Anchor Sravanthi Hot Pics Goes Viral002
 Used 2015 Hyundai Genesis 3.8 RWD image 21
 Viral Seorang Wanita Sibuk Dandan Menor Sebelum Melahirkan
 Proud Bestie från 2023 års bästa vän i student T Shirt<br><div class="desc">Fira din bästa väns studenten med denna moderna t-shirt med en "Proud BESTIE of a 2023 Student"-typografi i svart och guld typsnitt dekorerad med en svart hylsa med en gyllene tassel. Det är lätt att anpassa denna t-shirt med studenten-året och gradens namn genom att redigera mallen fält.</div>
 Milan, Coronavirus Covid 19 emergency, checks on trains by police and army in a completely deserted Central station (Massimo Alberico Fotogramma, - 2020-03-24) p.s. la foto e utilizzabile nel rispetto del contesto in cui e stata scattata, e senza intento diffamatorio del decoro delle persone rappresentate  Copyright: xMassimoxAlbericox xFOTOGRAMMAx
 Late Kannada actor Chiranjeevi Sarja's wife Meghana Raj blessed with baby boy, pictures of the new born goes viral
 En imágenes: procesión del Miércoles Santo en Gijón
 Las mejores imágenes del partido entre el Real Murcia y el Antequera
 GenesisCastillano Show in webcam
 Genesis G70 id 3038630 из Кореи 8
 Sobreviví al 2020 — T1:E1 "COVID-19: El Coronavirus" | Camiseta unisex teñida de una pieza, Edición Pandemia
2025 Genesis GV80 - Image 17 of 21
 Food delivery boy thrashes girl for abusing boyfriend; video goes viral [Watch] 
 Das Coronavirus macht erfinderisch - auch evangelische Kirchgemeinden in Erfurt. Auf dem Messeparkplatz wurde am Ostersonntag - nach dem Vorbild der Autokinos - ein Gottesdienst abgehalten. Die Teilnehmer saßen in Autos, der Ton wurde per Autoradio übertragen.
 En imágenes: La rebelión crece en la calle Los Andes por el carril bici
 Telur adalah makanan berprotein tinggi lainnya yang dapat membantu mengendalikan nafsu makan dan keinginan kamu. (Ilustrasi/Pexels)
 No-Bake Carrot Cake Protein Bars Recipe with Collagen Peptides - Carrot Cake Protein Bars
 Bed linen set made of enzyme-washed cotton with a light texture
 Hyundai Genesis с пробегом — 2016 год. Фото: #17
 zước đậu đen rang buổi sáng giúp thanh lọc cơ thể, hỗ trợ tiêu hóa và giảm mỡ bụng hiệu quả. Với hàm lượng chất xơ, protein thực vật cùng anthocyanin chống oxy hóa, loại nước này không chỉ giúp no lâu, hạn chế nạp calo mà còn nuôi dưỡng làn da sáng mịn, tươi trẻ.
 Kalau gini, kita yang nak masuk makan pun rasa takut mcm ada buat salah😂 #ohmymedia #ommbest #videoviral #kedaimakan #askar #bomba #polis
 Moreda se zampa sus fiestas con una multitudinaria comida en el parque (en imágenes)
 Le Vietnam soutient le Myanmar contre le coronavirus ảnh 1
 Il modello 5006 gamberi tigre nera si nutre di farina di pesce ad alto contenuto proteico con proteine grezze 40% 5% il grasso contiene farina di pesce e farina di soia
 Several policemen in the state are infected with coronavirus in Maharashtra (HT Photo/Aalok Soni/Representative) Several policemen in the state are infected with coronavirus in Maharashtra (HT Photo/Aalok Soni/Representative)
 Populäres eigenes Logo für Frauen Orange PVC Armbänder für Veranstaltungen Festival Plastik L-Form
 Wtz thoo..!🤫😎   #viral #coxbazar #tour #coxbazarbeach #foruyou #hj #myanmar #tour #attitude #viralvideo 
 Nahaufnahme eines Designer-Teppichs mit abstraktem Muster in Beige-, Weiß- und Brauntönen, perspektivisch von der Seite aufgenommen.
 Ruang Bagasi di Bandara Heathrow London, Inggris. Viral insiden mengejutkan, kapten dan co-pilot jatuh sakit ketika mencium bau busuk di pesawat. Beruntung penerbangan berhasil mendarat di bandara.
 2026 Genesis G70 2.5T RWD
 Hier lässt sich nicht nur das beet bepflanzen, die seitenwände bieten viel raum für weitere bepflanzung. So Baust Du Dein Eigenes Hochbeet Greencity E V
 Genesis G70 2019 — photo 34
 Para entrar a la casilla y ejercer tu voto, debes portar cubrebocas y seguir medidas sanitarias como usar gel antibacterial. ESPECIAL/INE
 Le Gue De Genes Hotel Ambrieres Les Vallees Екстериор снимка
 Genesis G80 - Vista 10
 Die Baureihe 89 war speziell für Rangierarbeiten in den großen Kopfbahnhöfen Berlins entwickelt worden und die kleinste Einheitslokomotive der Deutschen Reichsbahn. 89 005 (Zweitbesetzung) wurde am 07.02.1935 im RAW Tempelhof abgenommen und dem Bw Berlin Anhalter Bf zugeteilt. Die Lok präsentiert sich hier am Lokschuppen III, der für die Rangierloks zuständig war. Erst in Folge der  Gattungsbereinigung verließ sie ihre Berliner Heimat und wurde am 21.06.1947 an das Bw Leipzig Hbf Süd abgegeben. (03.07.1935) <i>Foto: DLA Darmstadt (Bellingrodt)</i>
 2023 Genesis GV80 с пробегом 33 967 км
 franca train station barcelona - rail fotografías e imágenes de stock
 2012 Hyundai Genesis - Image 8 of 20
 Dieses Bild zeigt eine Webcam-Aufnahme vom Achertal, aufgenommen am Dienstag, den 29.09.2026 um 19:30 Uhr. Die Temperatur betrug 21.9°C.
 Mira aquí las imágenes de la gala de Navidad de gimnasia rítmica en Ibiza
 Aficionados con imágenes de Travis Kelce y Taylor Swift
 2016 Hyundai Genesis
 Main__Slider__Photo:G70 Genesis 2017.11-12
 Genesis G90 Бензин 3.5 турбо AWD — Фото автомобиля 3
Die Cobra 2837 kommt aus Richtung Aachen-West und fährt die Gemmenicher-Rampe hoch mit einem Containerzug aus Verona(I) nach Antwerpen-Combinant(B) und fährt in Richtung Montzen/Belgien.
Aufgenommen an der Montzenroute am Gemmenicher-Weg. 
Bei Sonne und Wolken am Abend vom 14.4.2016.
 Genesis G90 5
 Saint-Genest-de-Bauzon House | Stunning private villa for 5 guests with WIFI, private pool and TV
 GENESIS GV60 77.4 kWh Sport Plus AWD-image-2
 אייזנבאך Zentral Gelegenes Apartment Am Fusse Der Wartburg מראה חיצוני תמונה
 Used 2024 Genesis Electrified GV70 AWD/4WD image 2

........

### TASK BRIEF
The answer is the lines above between the line holding "En imágenes: procesión" and the line holding "Food delivery boy", inclusive, each written out exactly, and no others.

### WRITTEN SOLUTION
 En imágenes: procesión del Miércoles Santo en Gijón
 Las mejores imágenes del partido entre el Real Murcia y el Antequera
 GenesisCastillano Show in webcam
 Genesis G70 id 3038630 из Кореи 8
 Sobreviví al 2020 — T1:E1 "COVID-19: El Coronavirus" | Camiseta unisex teñida de una pieza, Edición Pandemia
2025 Genesis GV80 - Image 17 of 21
 Food delivery boy thrashes girl for abusing boyfriend; video goes viral [Watch] 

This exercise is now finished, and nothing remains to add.